It is bc of their unforgiven sin that they reject Jesus. Both are mutually inclusive. You can't have forgiven sin AND reject Jesus and you can't reject Jesus if you are forgiven by him. Of course, rejection of Christ is the worse of all sins. In any case, both send you to hell where you pay for both.


----------



## moral necessity (Dec 6, 2012)

thistle93 said:


> Hi! According to the Bible why do people go to hell? Is it because they reject Jesus or because of a penalty for their sin? I use to think it was solely rejecting Jesus but I now think that both reasons (rejection and sins) are Biblical legitimate. Obviously those who reject Jesus will go to hell but they will also be sent to hell as punishment for their sins because Jesus did not atone for them. Of course this reasoning would mean limited/particular atonement. This is probably why all those I know who reject limited/particular atonement, say that it is just unbelief not sin that sends someone to hell because to them Jesus atonement for all sin even those who end up in hell. Interested if any in Reformed/Calvinists camp who share this view. Thoughts? Books on subject you recommend?
> 
> 
> For His Glory-
> Matthew



I don't see how any Reformed/Calvinist would share this other view, because of limited atonement being one of the pillars that basically defines Reformed/Calvinist.

Blessings...


----------



## caoclan (Dec 6, 2012)

Federal headship of Adam


----------



## earl40 (Dec 7, 2012)

OPC'n said:


> It is bc of their unforgiven sin that they reject Jesus.



So do we have to wait for a person to reject Jesus before they are justly condemned?


----------



## newcreature (Dec 8, 2012)

earl40 said:


> OPC'n said:
> 
> 
> > It is bc of their unforgiven sin that they reject Jesus.
> ...



The unregenerate man has already rejected Jesus. He was born of a sinful nature, and is made holy only by the righteousness of Christ. We don't need to commit a particular sin to be guilty; on the contrary, we are forgiven of sin by Christ's redemption.


----------



## J. Dean (Dec 8, 2012)

newcreature said:


> The unregenerate man has already rejected Jesus. He was born of a sinful nature, and is made holy only by the righteousness of Christ. We don't need to commit a particular sin to be guilty; on the contrary, we are forgiven of sin by Christ's redemption.

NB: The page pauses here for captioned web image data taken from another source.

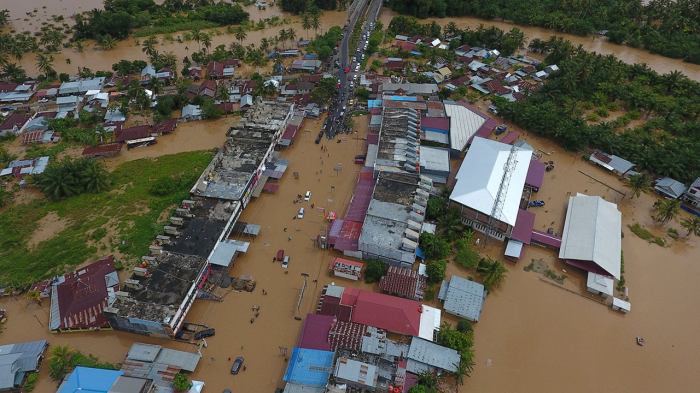 Banjir di citraland surabaya hari ini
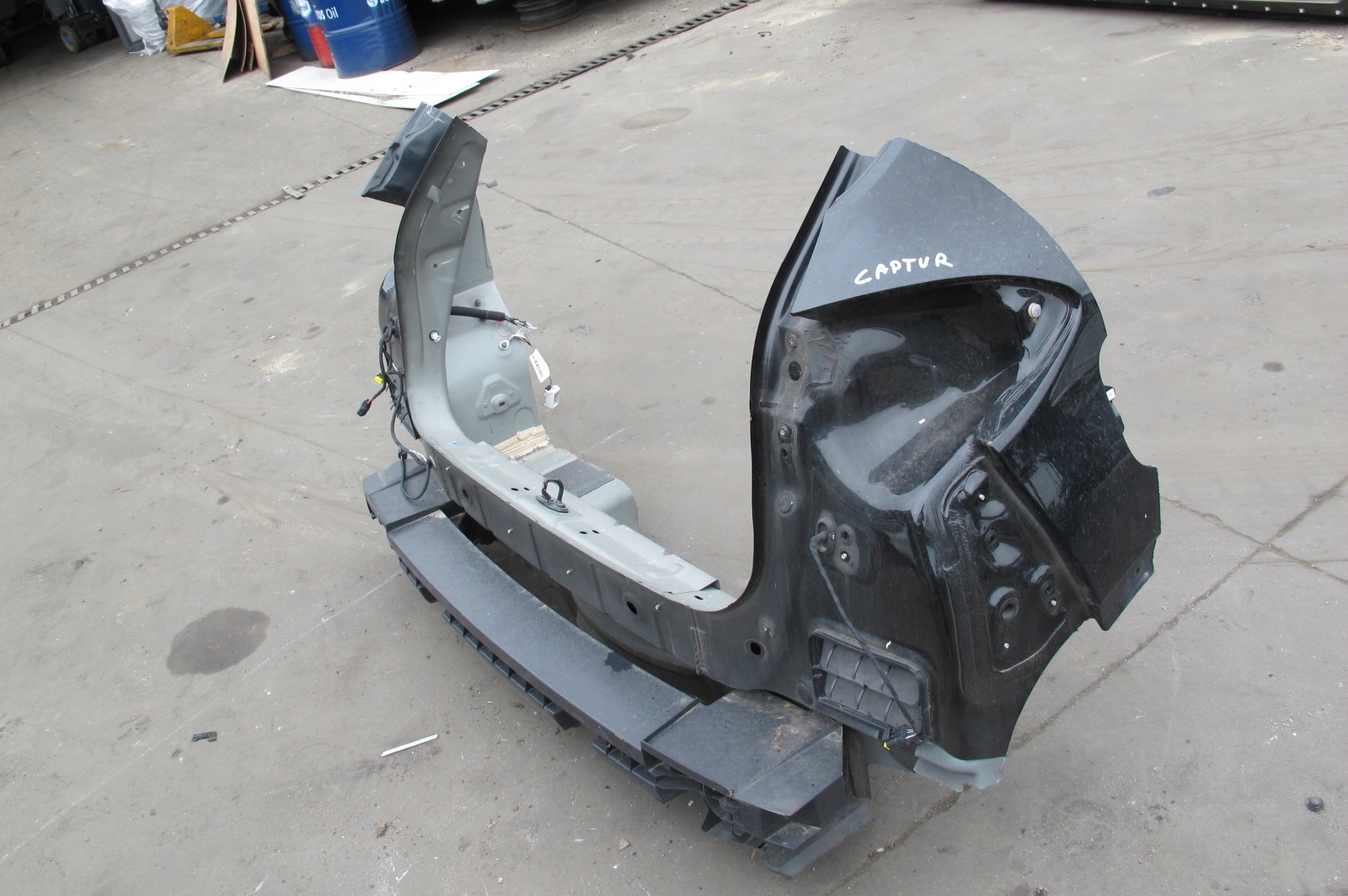 RENAULT CAPTUR 1 and 13- rear panel rear part quarter bumper support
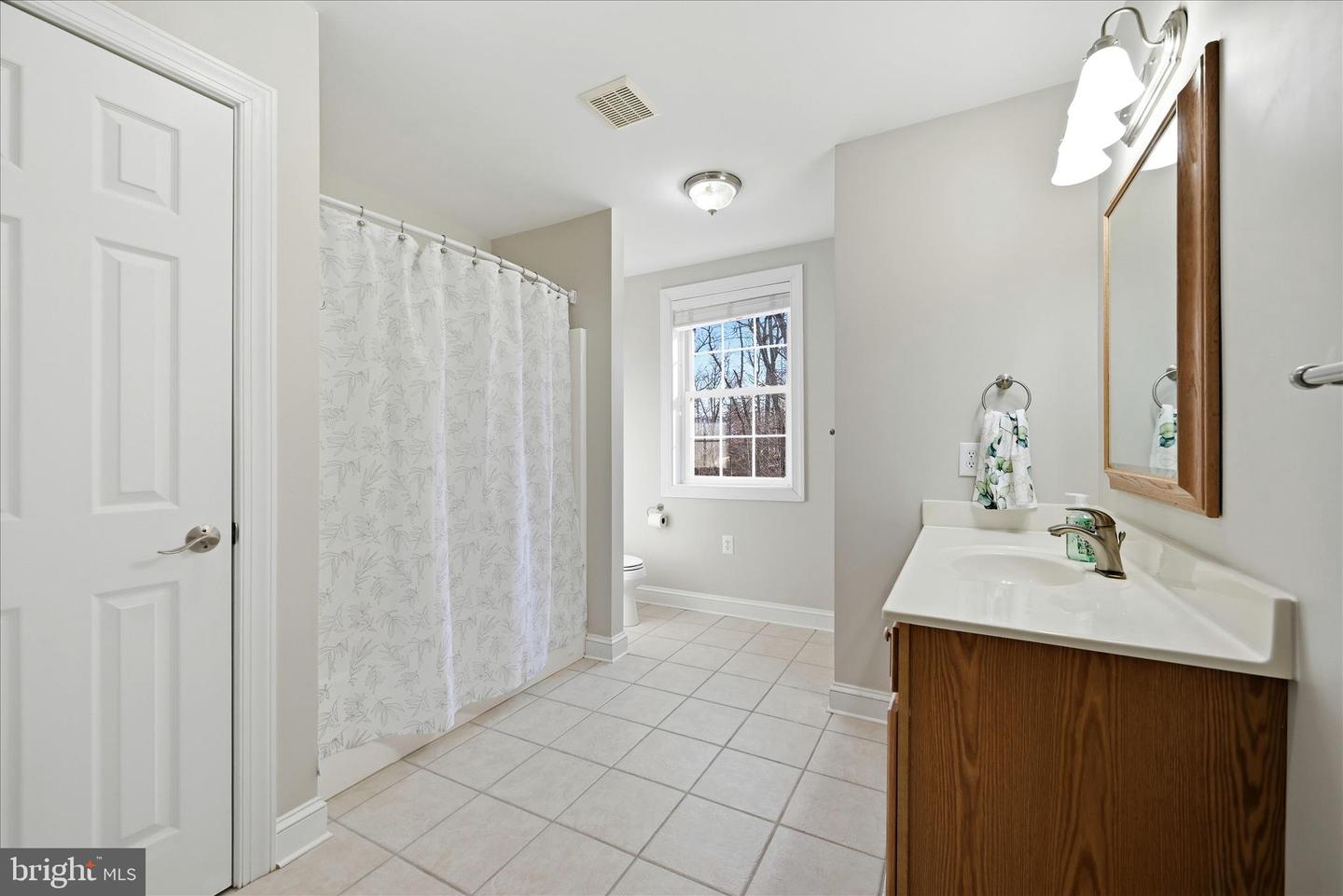 100 NAZARETH DR, FORT VALLEY, Virginia 22652, 5 Bedrooms Bedrooms, 10 Rooms Rooms,5 BathroomsBathrooms,Residential,For sale,100 NAZARETH DR,VASH2013644 MLS # VASH2013644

Luther and Calvin are toasting a drink over you, I think


----------



## earl40 (Dec 8, 2012)

J. Dean said:


> newcreature said:
> 
> 
> > The unregenerate man has already rejected Jesus. He was born of a sinful nature, and is made holy only by the righteousness of Christ. We don't need to commit a particular sin to be guilty; on the contrary, we are forgiven of sin by Christ's redemption.
> ...



Though it was Calvin who said people go to hell because of Adam's sin and that the person degree of punishment in hell will be according to the sin's commited in this life. In other words, you get to hell by the sin of Adam and not by your sin.


----------



## newcreature (Dec 9, 2012)

earl40 said:


> Though it was Calvin who said people go to hell because of Adam's sin and that the person degree of punishment in hell will be according to the sin's commited in this life. In other words, you get to hell by the sin of Adam and not by your sin.

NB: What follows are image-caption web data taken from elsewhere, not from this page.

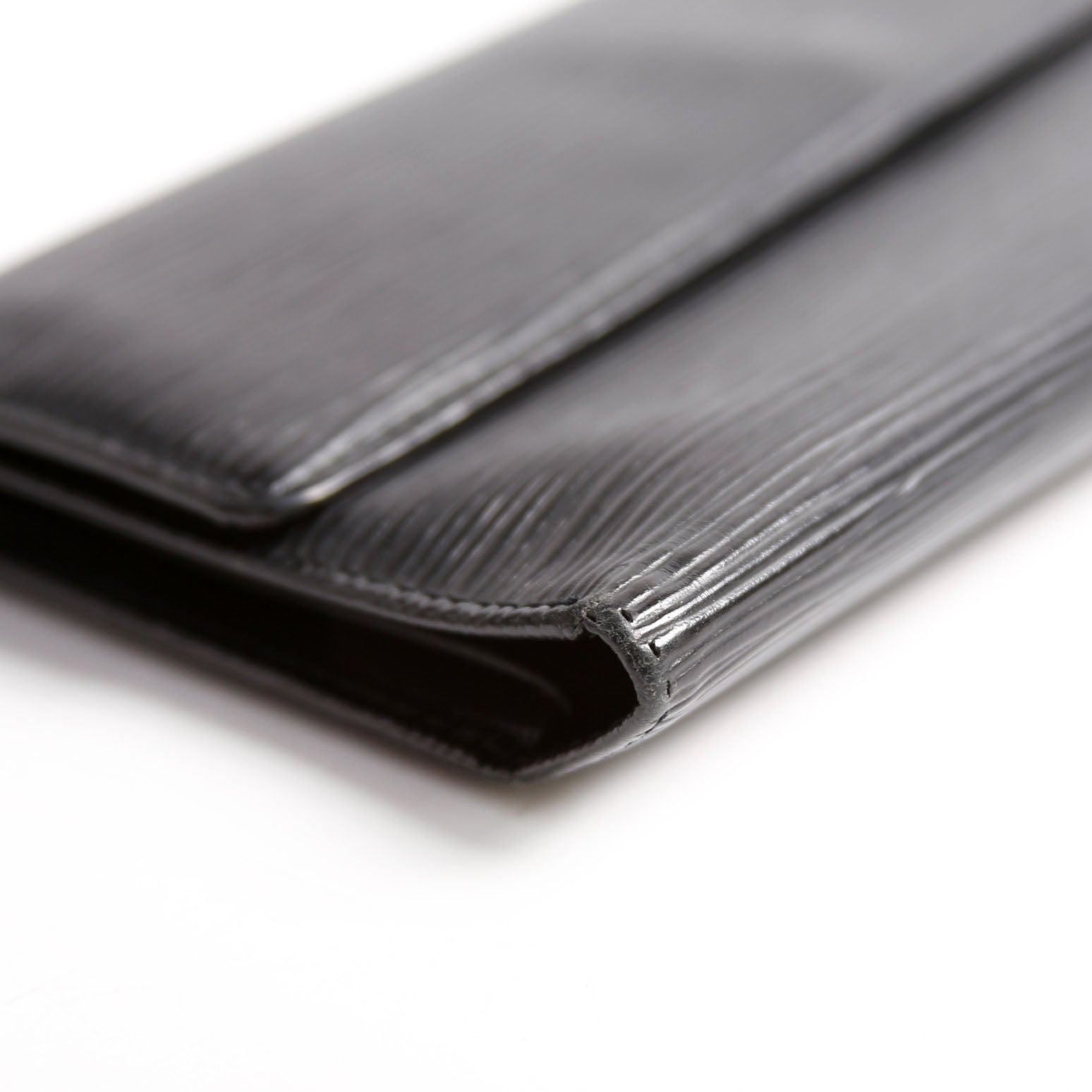Louis Vuitton Porte Tresor International Wallet Epi Black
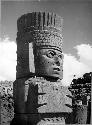 Sculptures from fill of Pyramid 1.  Photos by B. Christensen 1943.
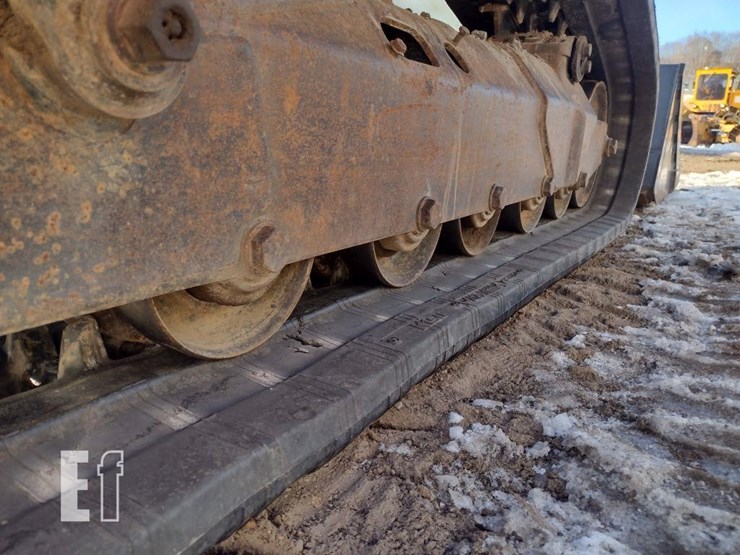 2020-bobcat-t870-image-33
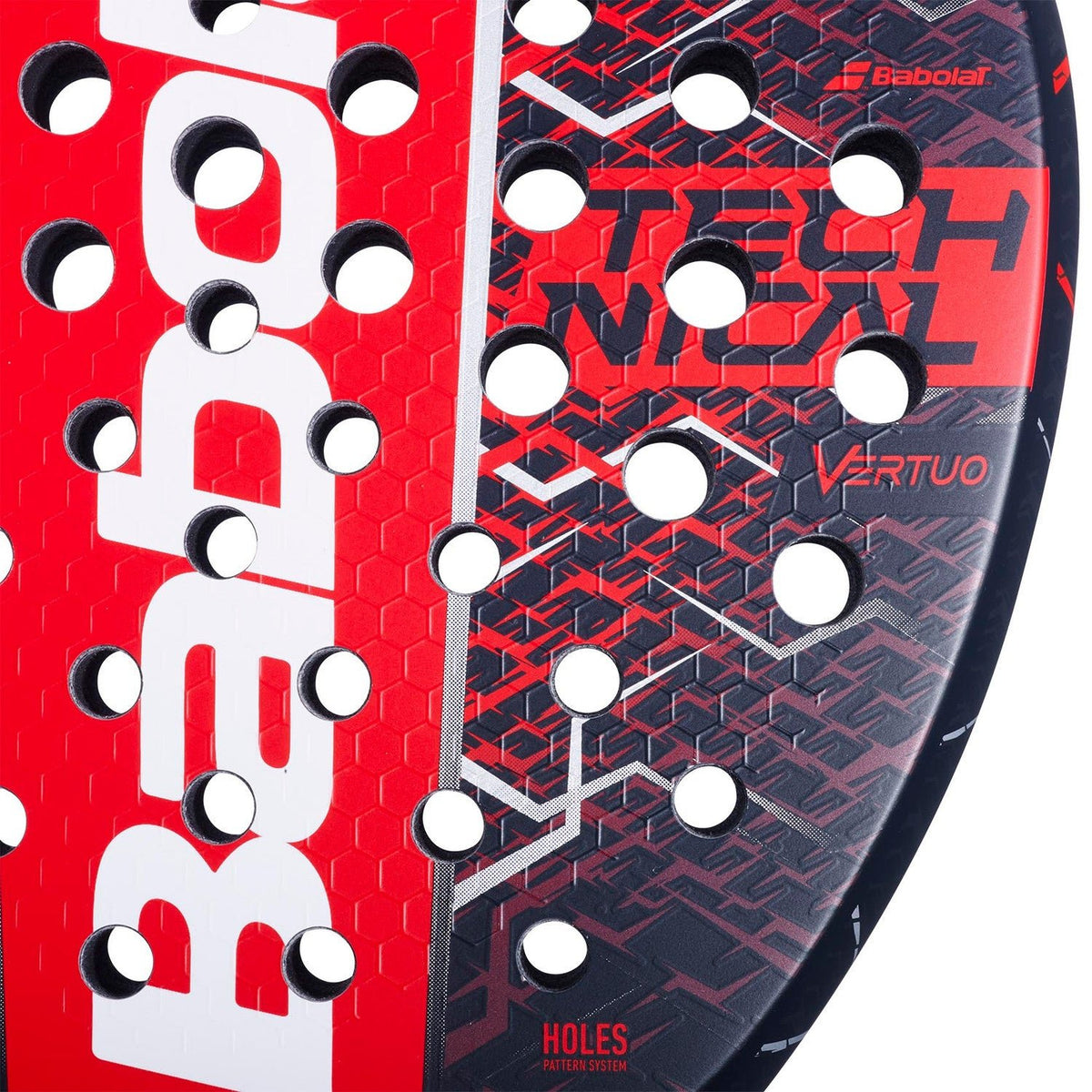 Close-up van het slagvlak van het Babolat Technical Vertuo 25 met TECHNICAL Vertuo-opdruk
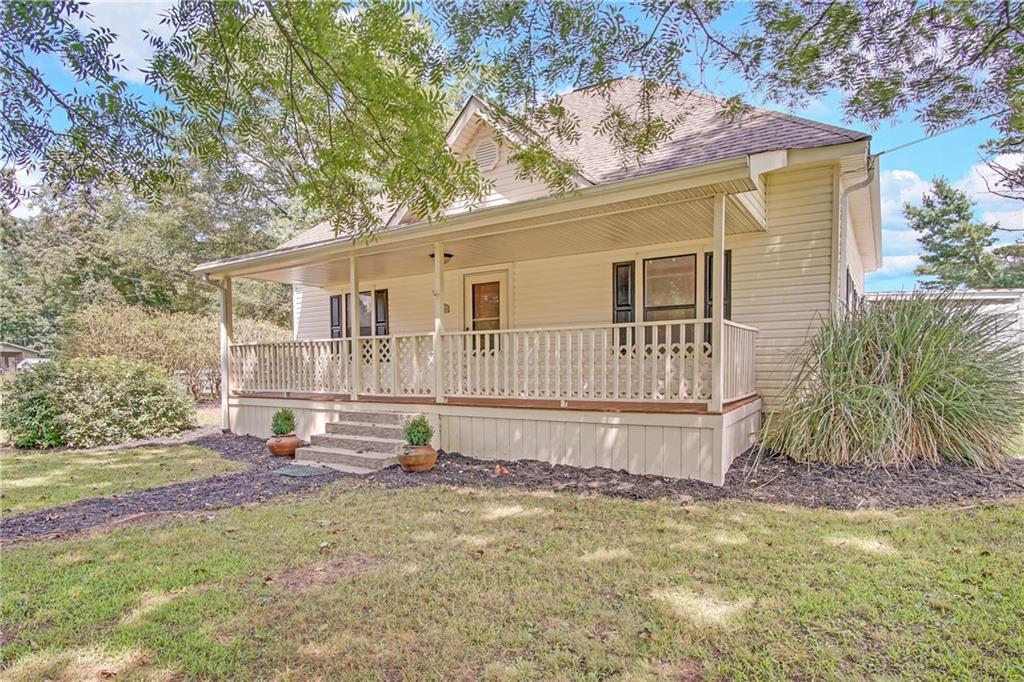 8055 Jot Em Down Rd., Gainesville, GA 30506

I suppose this is also true. Adam sinned as the federal head. Therefore, by his sin, all his offspring are considered guilty of sin. Adam's sin was imputed to all mankind. So it is sin which sends us to hell. 

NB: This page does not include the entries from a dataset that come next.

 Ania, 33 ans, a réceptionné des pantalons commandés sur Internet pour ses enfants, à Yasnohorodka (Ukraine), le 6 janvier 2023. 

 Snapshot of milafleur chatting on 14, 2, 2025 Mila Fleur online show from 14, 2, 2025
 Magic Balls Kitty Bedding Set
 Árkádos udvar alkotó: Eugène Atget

Now, if we look at this a little deeper, the unregenerate man, in his total depravity, has rejected Christ in his own heart. The rejection is a sin, and is a result of sin. It is only through the gift of salvific grace that any of us are saved. So you see, men go to hell because of sin AND because of rejection. The two are mutually inclusive (I think Sarah said those words). 

If we want to go even further, we can examine how once in hell, man will continue to grow more bitter towards the righteous God. Even in death, his sin and rejection will continue to increase.


----------